[What the task asks] When you reach the line that contains "Photo of black", give it back exactly along with each line after it to the end of the entries; skip any pictures.

[Dataset content]
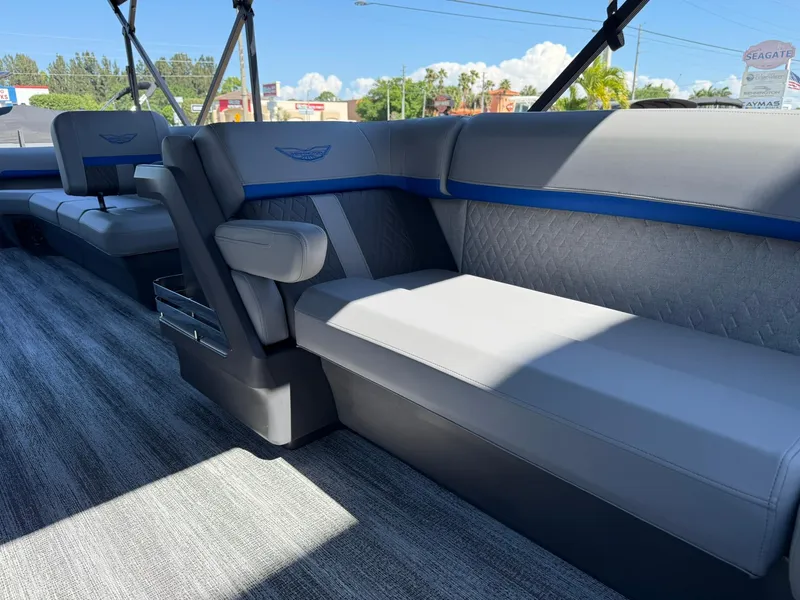 Slide: The Image of 2025 Bennington 24 MFB boat interior with gray and blue seating, modern design. - 21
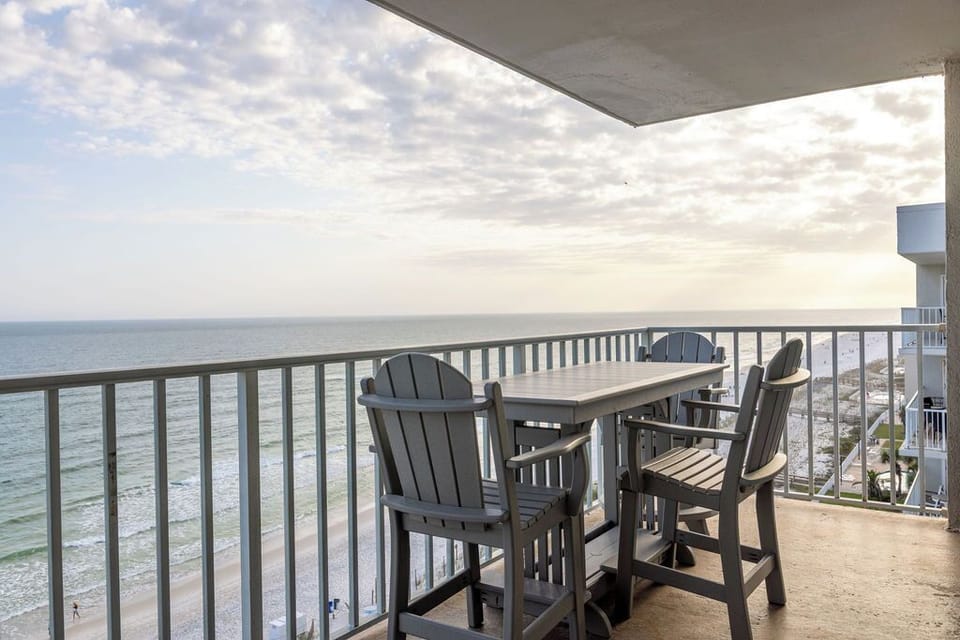 Balcony - Picture yourself on a serene balcony that gazes out over the stunning Gulf of America. This inviting space features a charming table with comfortable seating. With the sun setting in the distance, this balcony transforms into your personal paradise—a delightful retreat that captures the essence of beachfront bliss.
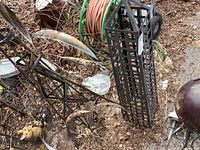 Photo of black metal garden tower and metal whirligig fans with visible surface rust and outdoor debris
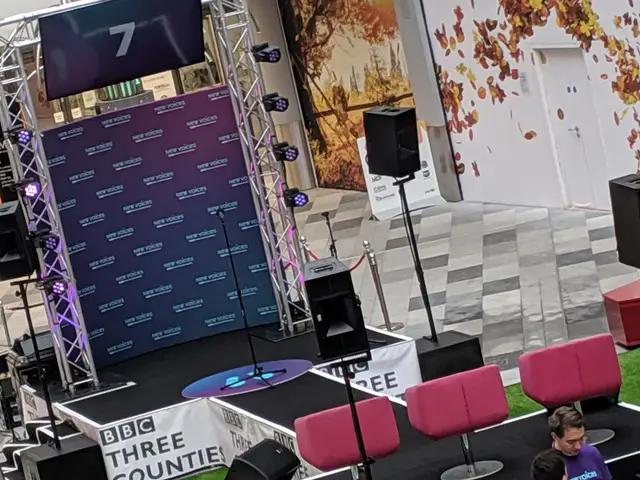 Stage set with truss, speakers, seating and branded backdrop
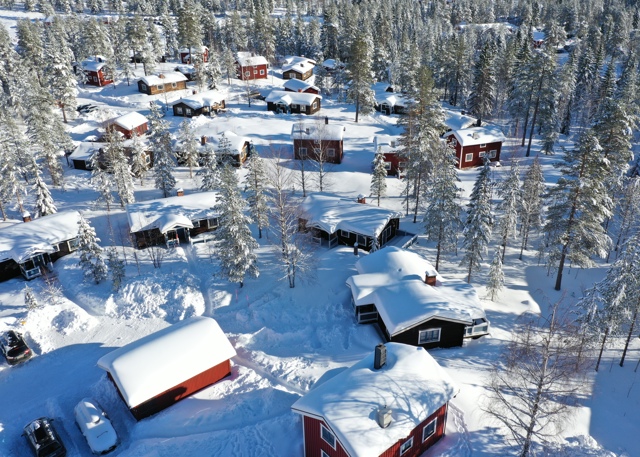 Flygfoto över snötäckt stugområde med röda och mörka stugor i skogsmiljö.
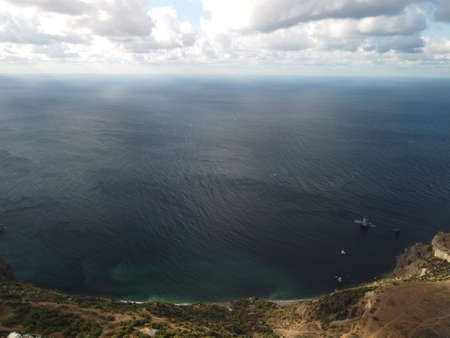 Abstract airy sky with moving plump clouds over the sea ocean. Small waves on clear water surface bokeh lights from sunrise. Holiday, vacation and recreational conceptの写真素材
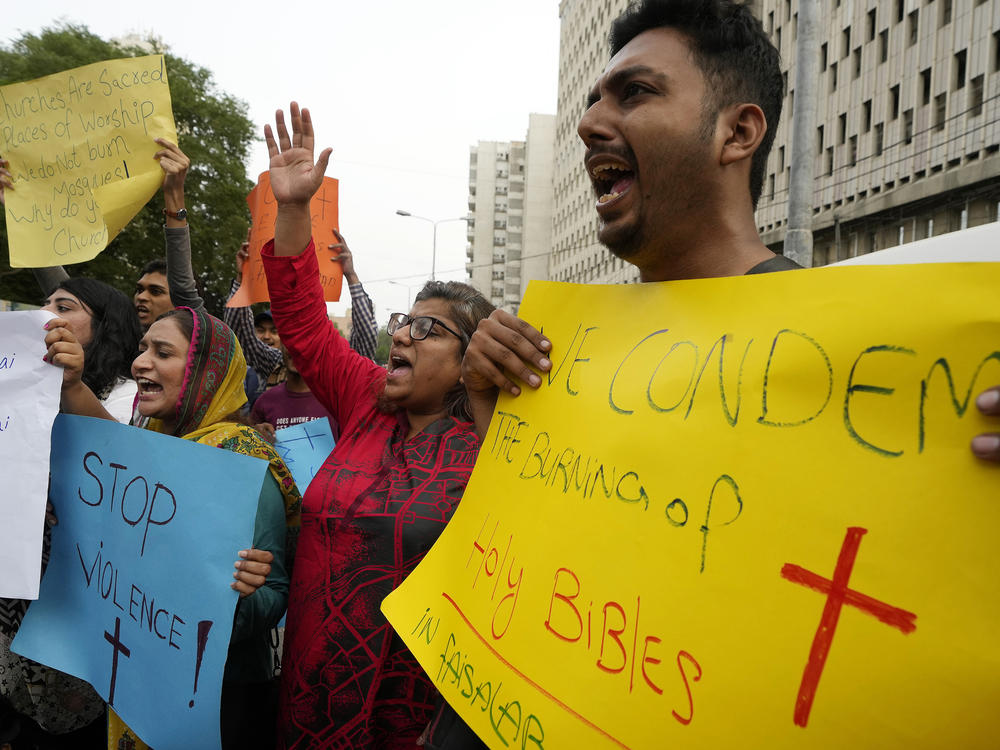 Members of Christian groups and others demonstrate in Karachi to condemn the attack on a Christian area by a Muslim mob in eastern Pakistan on Wednesday.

[Exercise answer]
 Photo of black metal garden tower and metal whirligig fans with visible surface rust and outdoor debris
 Stage set with truss, speakers, seating and branded backdrop
 Flygfoto över snötäckt stugområde med röda och mörka stugor i skogsmiljö.
 Abstract airy sky with moving plump clouds over the sea ocean. Small waves on clear water surface bokeh lights from sunrise. Holiday, vacation and recreational conceptの写真素材
 Members of Christian groups and others demonstrate in Karachi to condemn the attack on a Christian area by a Muslim mob in eastern Pakistan on Wednesday.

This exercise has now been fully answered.